■ Exercise requirements:
Please repeat exactly the lines from the one containing "Lab 1: OpenStack" through the last line of the records below, leaving out any pictures.
※
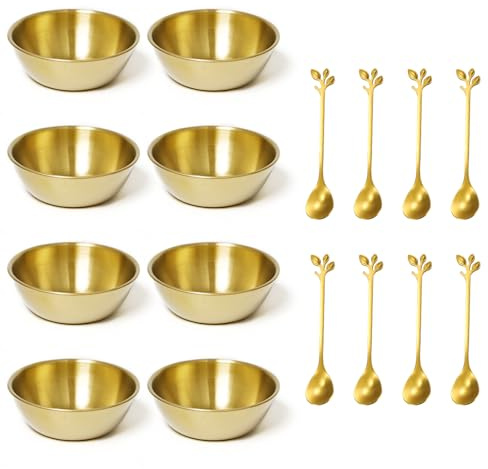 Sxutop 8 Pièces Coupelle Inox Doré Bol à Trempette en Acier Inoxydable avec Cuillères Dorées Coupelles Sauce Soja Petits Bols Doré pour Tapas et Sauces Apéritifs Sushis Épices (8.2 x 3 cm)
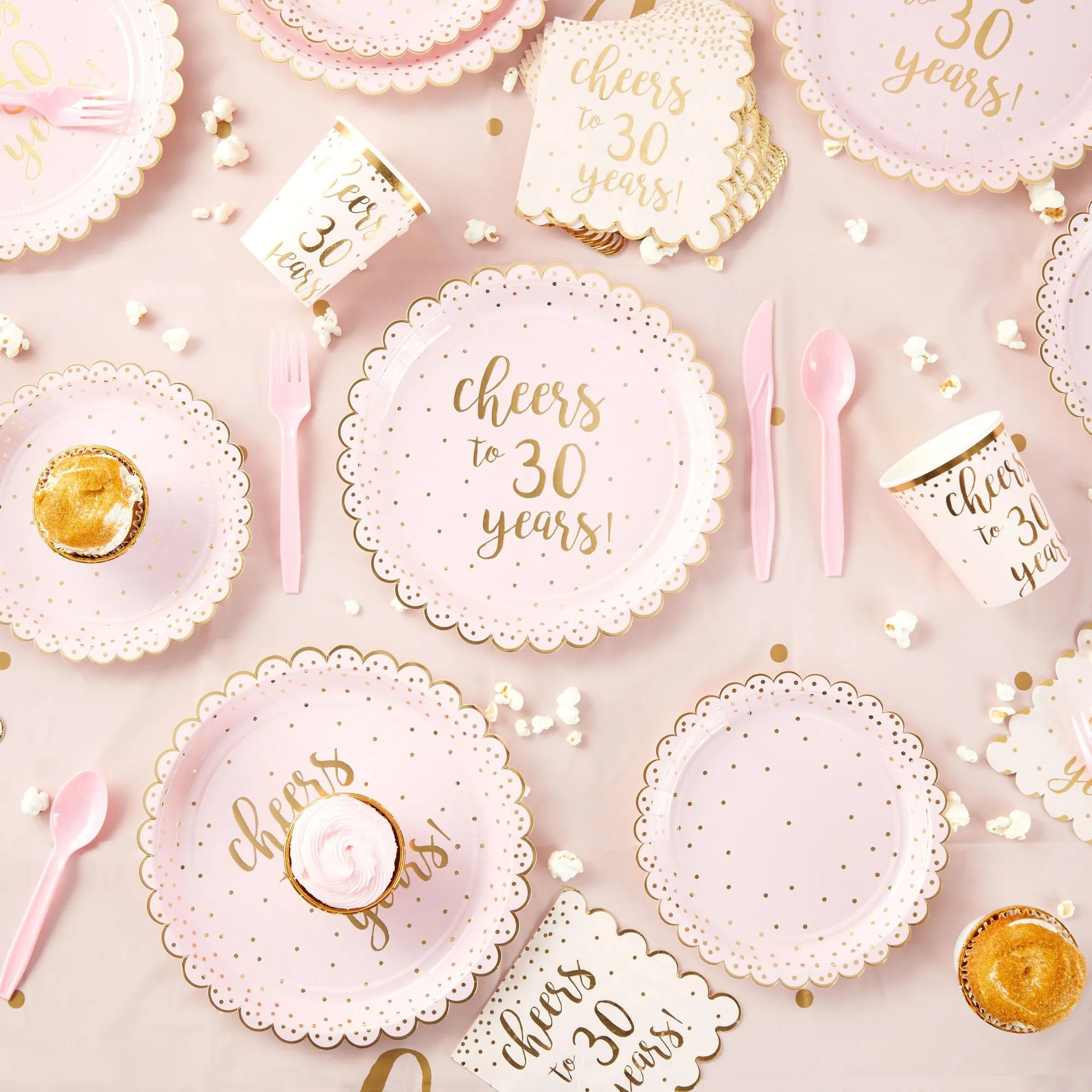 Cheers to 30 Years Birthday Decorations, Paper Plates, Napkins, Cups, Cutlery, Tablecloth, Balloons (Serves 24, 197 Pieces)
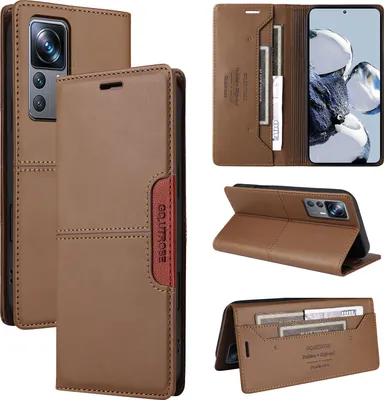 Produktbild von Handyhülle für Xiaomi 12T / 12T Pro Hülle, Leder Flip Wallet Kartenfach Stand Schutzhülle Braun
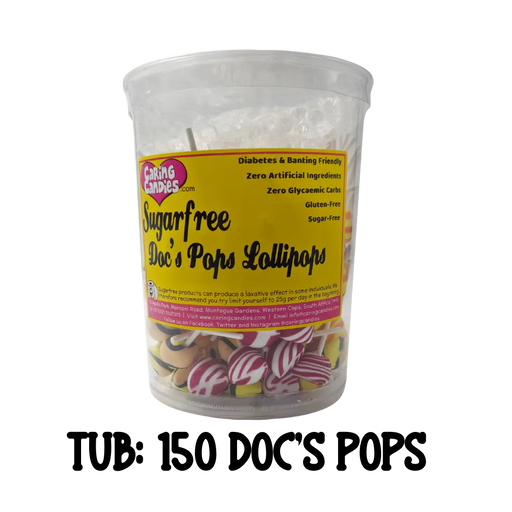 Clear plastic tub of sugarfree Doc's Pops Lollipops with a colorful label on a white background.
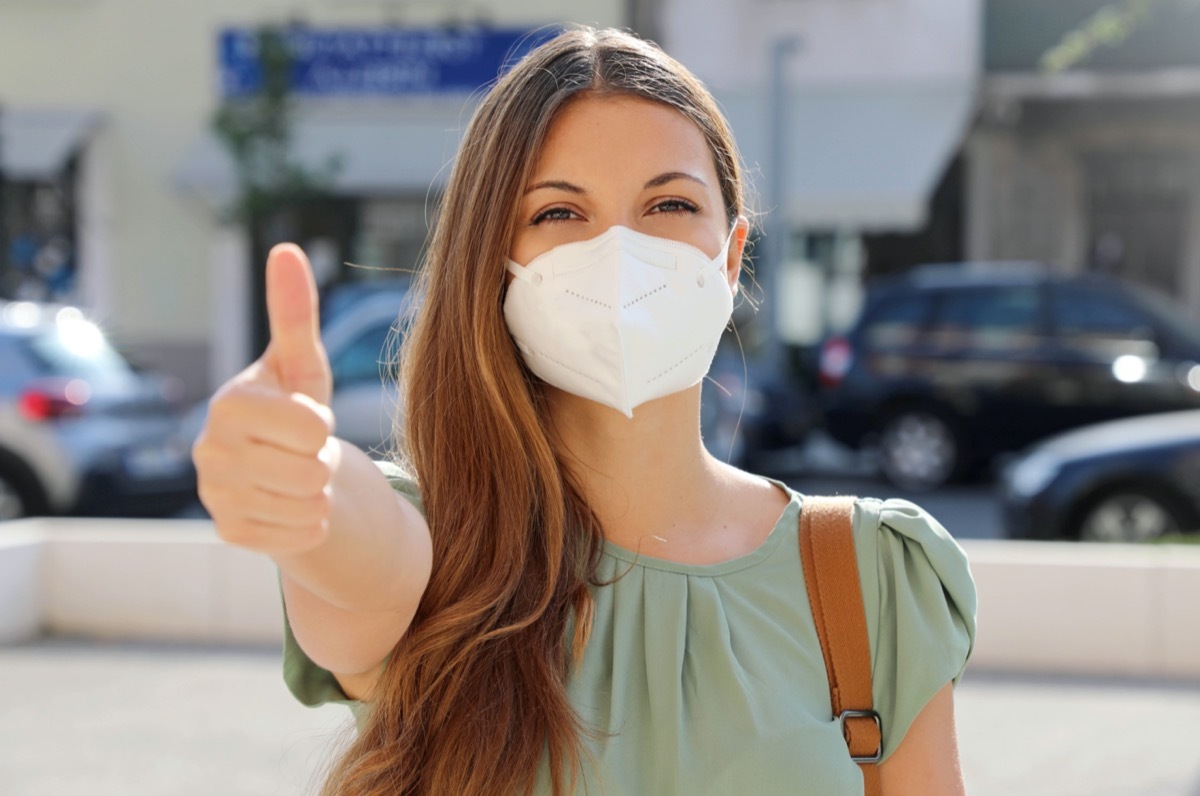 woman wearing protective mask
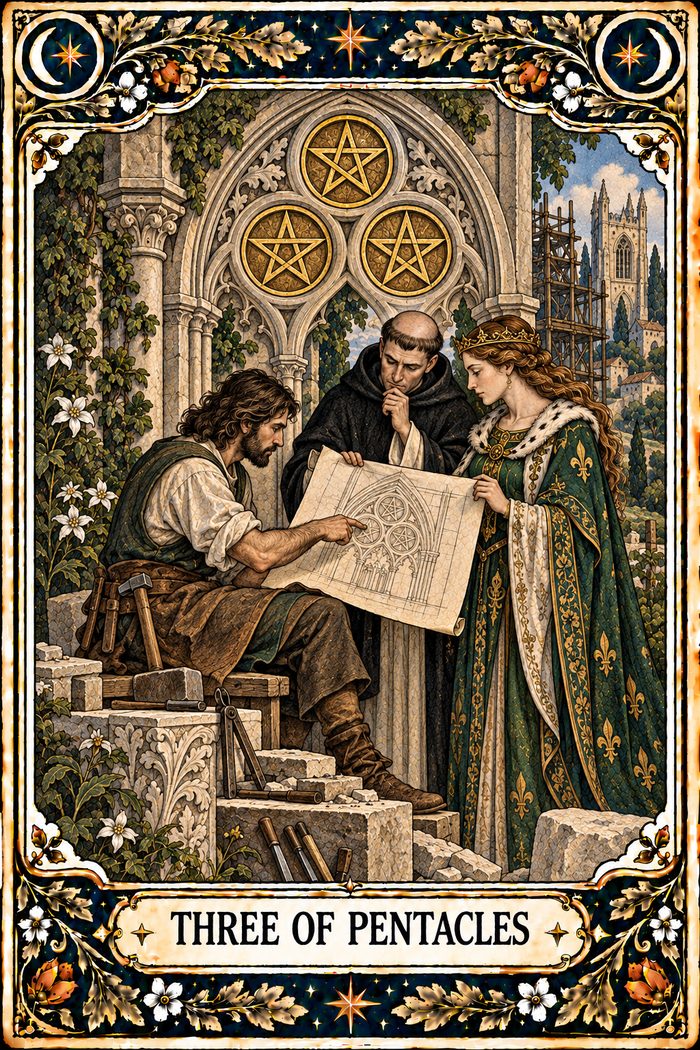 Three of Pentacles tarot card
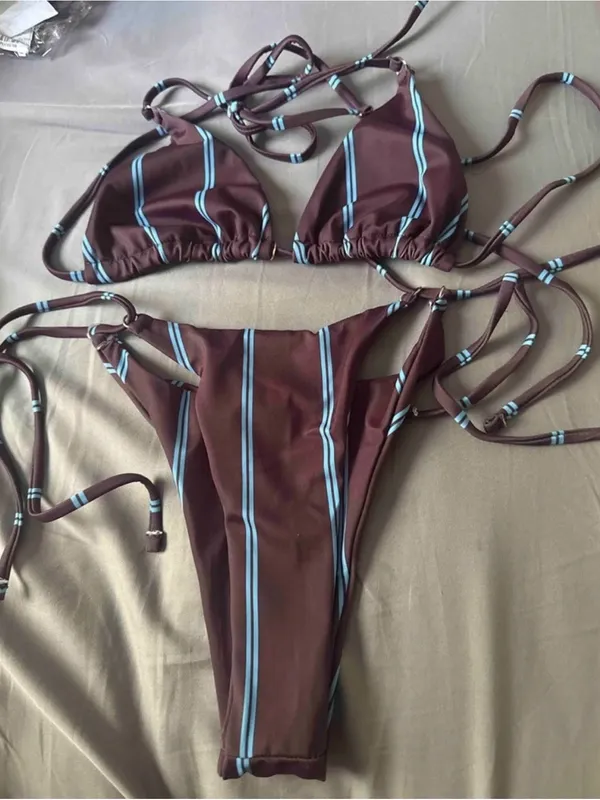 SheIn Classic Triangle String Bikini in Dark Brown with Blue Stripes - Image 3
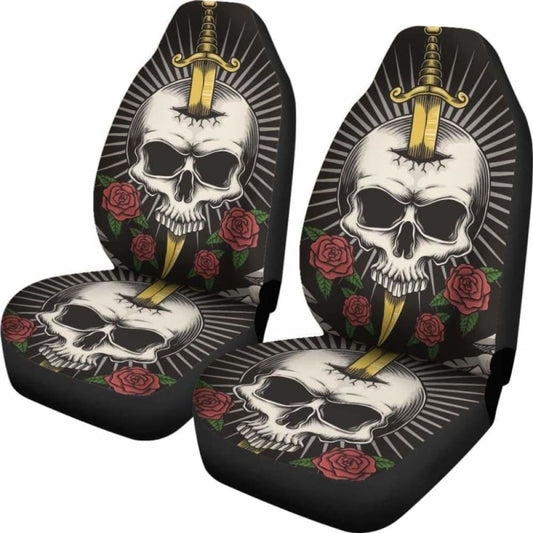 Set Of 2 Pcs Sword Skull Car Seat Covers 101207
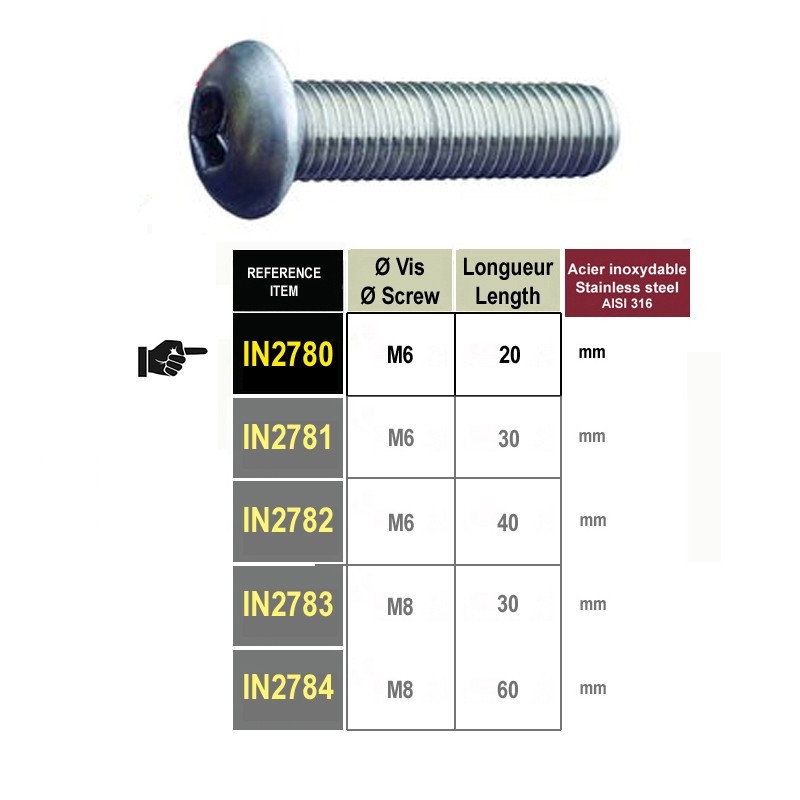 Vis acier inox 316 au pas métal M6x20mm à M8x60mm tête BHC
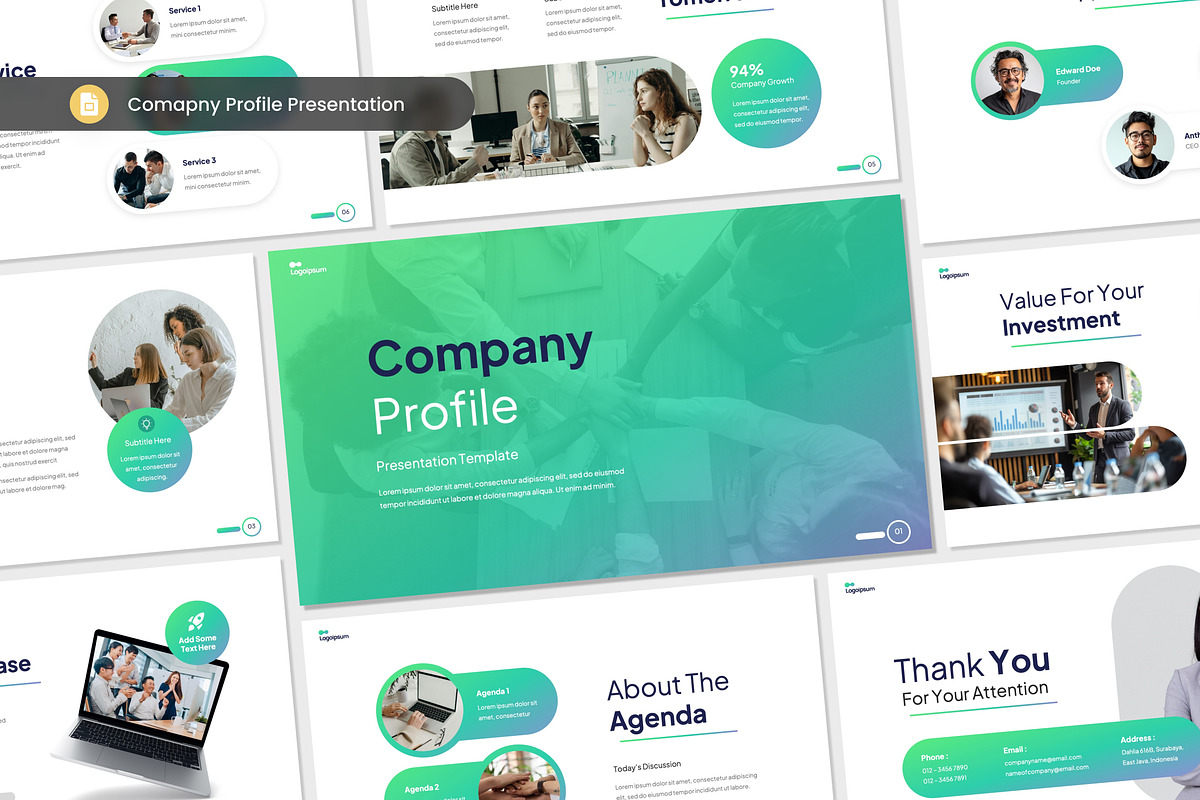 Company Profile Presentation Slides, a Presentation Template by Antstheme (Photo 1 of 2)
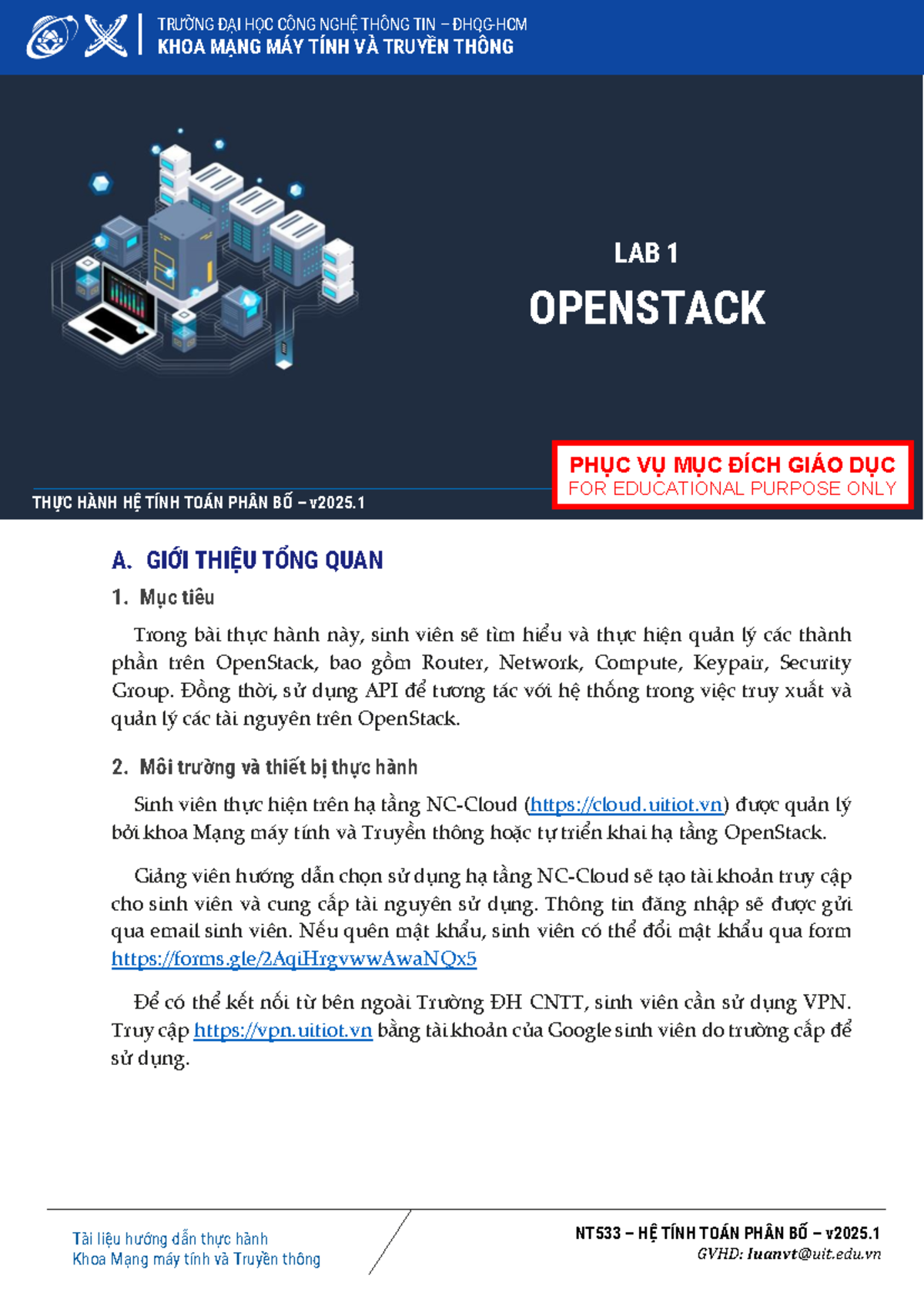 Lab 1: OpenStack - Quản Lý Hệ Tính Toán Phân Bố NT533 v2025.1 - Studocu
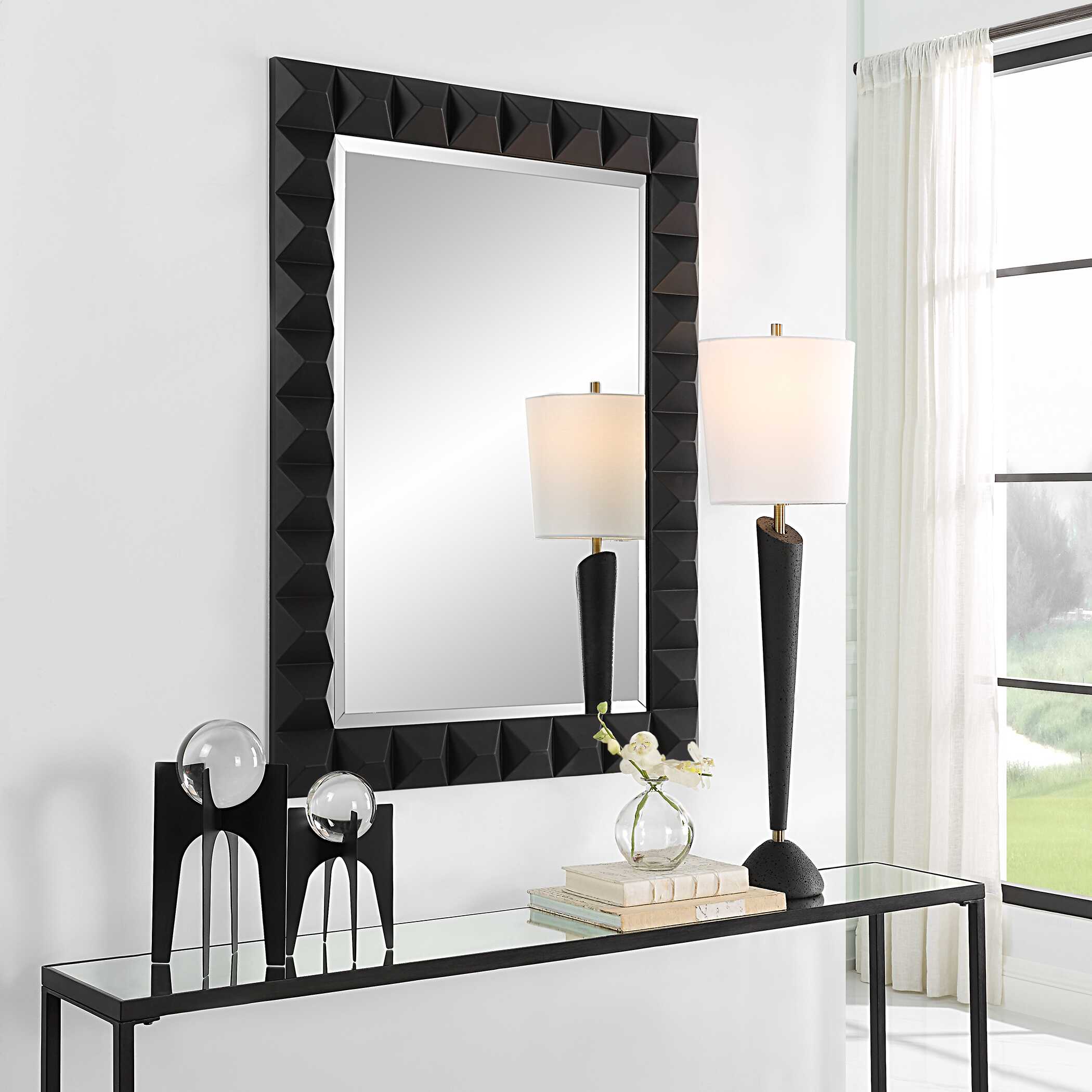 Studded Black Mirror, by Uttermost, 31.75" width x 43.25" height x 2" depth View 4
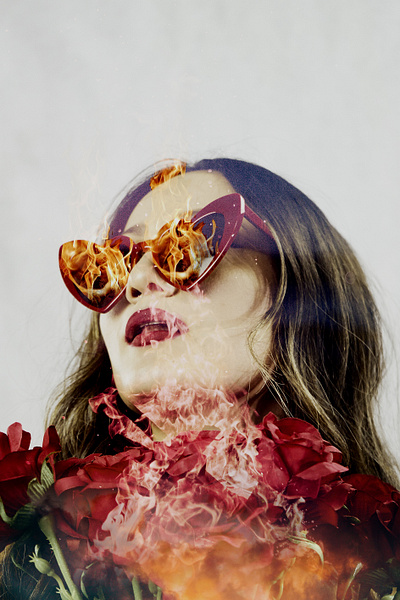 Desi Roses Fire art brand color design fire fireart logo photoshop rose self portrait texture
※
■ Answer box:
 Lab 1: OpenStack - Quản Lý Hệ Tính Toán Phân Bố NT533 v2025.1 - Studocu
 Studded Black Mirror, by Uttermost, 31.75" width x 43.25" height x 2" depth View 4
 Desi Roses Fire art brand color design fire fireart logo photoshop rose self portrait texture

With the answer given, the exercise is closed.